The Australia on Adelaide band Wireheads‘  new record isn’t the ‘smoking cigs in your sharehouse and goin down the shops to buy more cigs and cheezels’ kind of Australia. It’s violent and murky and sinister. Sometimes it’s fun too but in a way that might go off the rails any fucking second. Album opener and title track, ‘Arrive Alive’, throws up the image ‘getting shot dead in the head/ for tryna buy orange juice/ you got two dollars in your hand’, and album highlight ‘Dedication’ the merciless bashing of beautiful faces.

But this record also might be about a hunt for something redemptive and beautiful, a bit of subtlety in circumstances that are more suited to blunt, unforgiving ugliness. Cause there’s those female vocals in the background of ‘Dedication’ too, working as a foil to the violence with a bit of uneasy romance; ‘your face is so goddamn beautiful/ your face makes me feel unusual’. And then ‘Organ Failure’s desperate squealing sax offset by interludes of sweetly drawled ‘darlin’s’ and a super pretty bass melody.

You’ll never get the energy of a Wireheads live show on record (take a look at the 20-odd people listed as contributing to the record on Bandcamp though and you’ll see they gave it a good go), but what you do get is time and space to let the emotional core of a lot of these songs to sink in. You get things like ‘Ice Kool Flavour Aid’, a straight husky cowboy ballad that’s earnest in a way that not a heap of other Australian bands would have the guts to do.
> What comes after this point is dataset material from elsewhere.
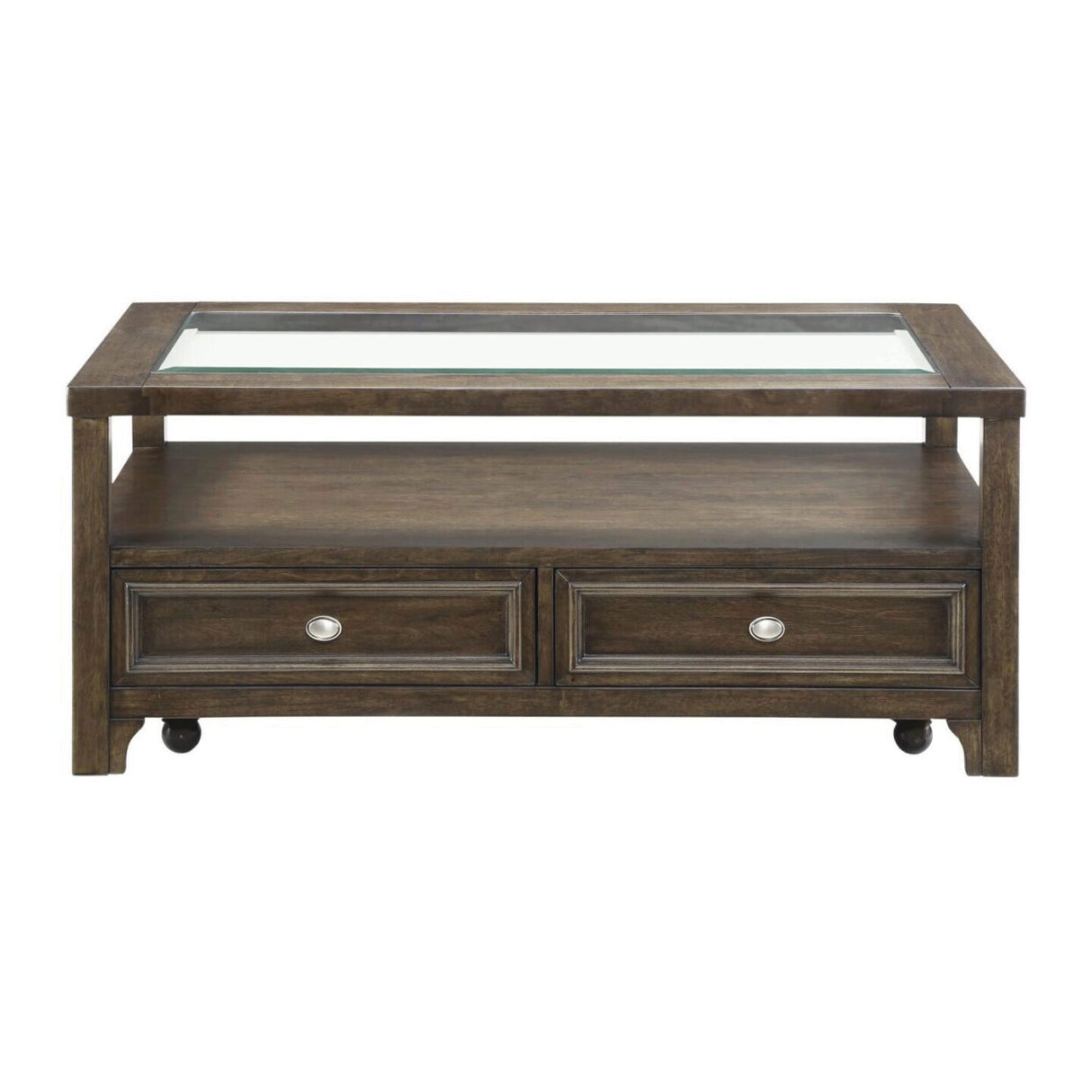 Auburn Transitional Charcoal Brown Wood Cocktail Table -  Homelegance - Luna Furniture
Arrive Alive is full of familiar characters and archetypes: prisoners ex-soldiers, emperors and goddesses and the dying. They’re all wondering what it means to survive, and if that’s really the most important thing. The fantastical elements could be allegories to real shit: ‘Proserpina’ is the Goddess of the cycle of life and death – or a woman offering redemption. Emperor Nero is another dictator fucking around while everything burns to the ground. Or maybe they they’re just funny stories to write songs about – ‘Nero’ is especially wacky, with that woodwind that makes everything feel like it’s coming down around your head.

The first couple of times I listened to this record I thought it was a bit long and maybe trying a little hard to be weird – but I reckon that was just because there’s so much packed in here it’s easy to get overloaded. Now I’ve got it a bit more I couldn’t think of anything I’d cut. Maybe ‘Isabella Says’ – I don’t care that much about ‘cosmic gamma rays baby’ – but then there’s the funny little flute freak out that leads you into the beautiful ‘So Softly Spoken’, making the honest simplicity of that song able to catch you off guard and be something properly lovely.

Arrive Alive is a smart, packed, generous record with ideas popping out the seams. Because of this it’s easy to overlook the humanness of a lot of the songs, the honesty and the heart – I nearly did, and now I’m tellin’ ya not to make the same mistake.